Hi guys wonder any of you guys plays flamenco guitar here? i am picking up flamenco styled after hearing few wonderful tunes from paco de lucia.. 

i am tending to getta few brands however hear of many spanish made guitars which is not consistance as japanese (Yamaha) made... 

considering : Alhambra 3F 
Azahar 131 
Yahama CG171SF 

Am looking at particularly mahogany neck spruce/cedar top with cypress sides and back also rosewood or ebony fretboard.. 
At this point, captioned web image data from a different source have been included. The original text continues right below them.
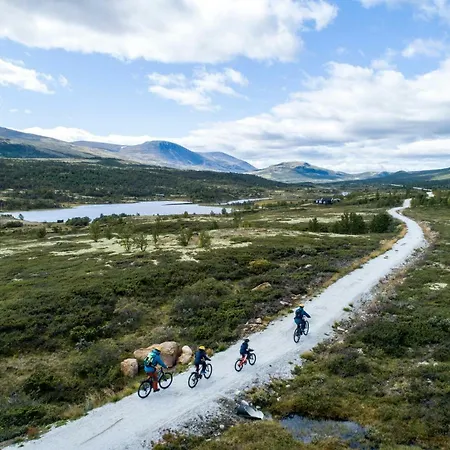 Trolltun & 3* Dombås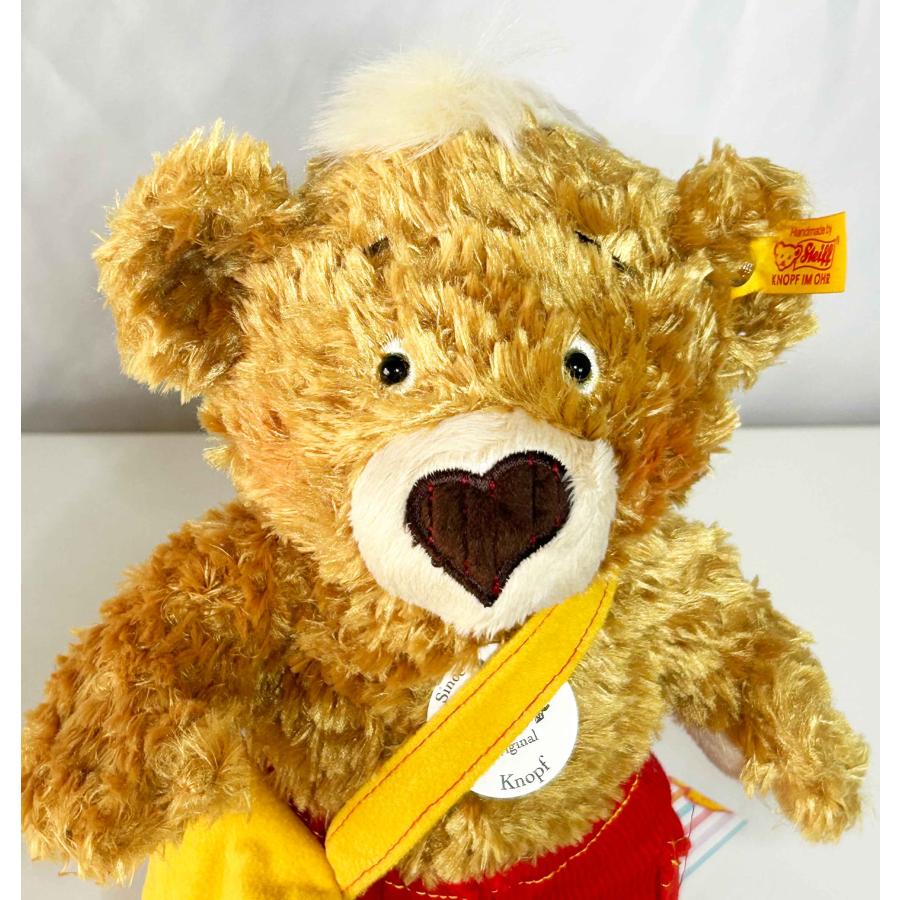 Steiff（シュタイフ） テディベア クノップ テディベア 25cm steiff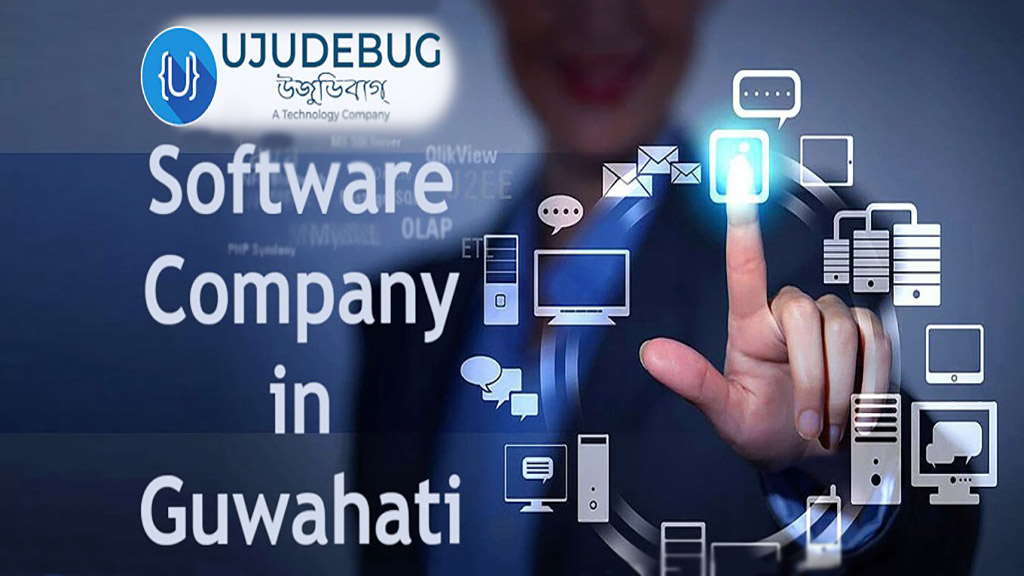 Software company in Guwahati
Yahama and azahar seems to have the followings but am learnly that not all woods sounded same and have also heard that alhambra have good flamenco tone in them... any help on this comparison or any other brands you guys can think of ?


----------



## Dead Undead (Jun 14, 2012)

I'll just say that I'm a big fan of Yamaha's acoustics, especially their classical guitars. Very comfortable to play and sound surprisingly nice for their price.


----------



## Francis978 (Jun 14, 2012)

My entry classical guitar is a rodriguez  300 bucks, I've played flamenco (Asturias, Chaccone, the magic flute, moonlight sonata, etc) and many jazz tunes. Me being 17 it was a good price  I am pretty sure it has a spruce top and it is a mahogany body with a rosewood fretboard.


----------



## scherzo1928 (Jun 14, 2012)

Best flamenco guitars I've ever heard have palo escrito backs and sides. Odds of you finding one made with that wood are bad... but if you do, and it's not waaay too expensive, take my word and buy it. Well, try it out first 



Francis978 said:


> flamenco (Asturias, Chaccone, the magic flute, moonlight sonata, etc)


 
Although those are all awesome, none of those are flamenco. You need a much brighter, crisper guitar for flamenco.


----------



## mrcheapyasui (Jun 15, 2012)

I have the Yahama CG171SF and its great for me! It's very playable compared to regular classical guitars I've played. I didn't test any other flamenco guitars before buying it and just went with the online reviews. I also got it cheap so its great for a beginning guitar. You can always upgrade if you stick with it!


----------



## Francis978 (Jun 15, 2012)

Sorry I forgot to include actual flamenco songs xD I understand those are actual classical songs

Malaguena, kiss of fire, la spagnola etc


----------



## nojyeloot (Jun 15, 2012)

I own a Yamaha CGX171SCF, and it's a pretty killer entry level guitar that I used when I played in a Flamenco Nuevo band. Definitely recommend it.

EDIT: It's all Cyprus with an ebony fingerboard. For flamenco, the staple is Cyprus sides and top/back. The wood is very snappy and has a lot of high end. They were designed that way in order for the sound to carry through the narrow streets in Spain.


----------



## hanachanmaru (Jun 16, 2012)

thanks for sharing guys !! i would aim for a cordoba F7 or alhambra 7F


----------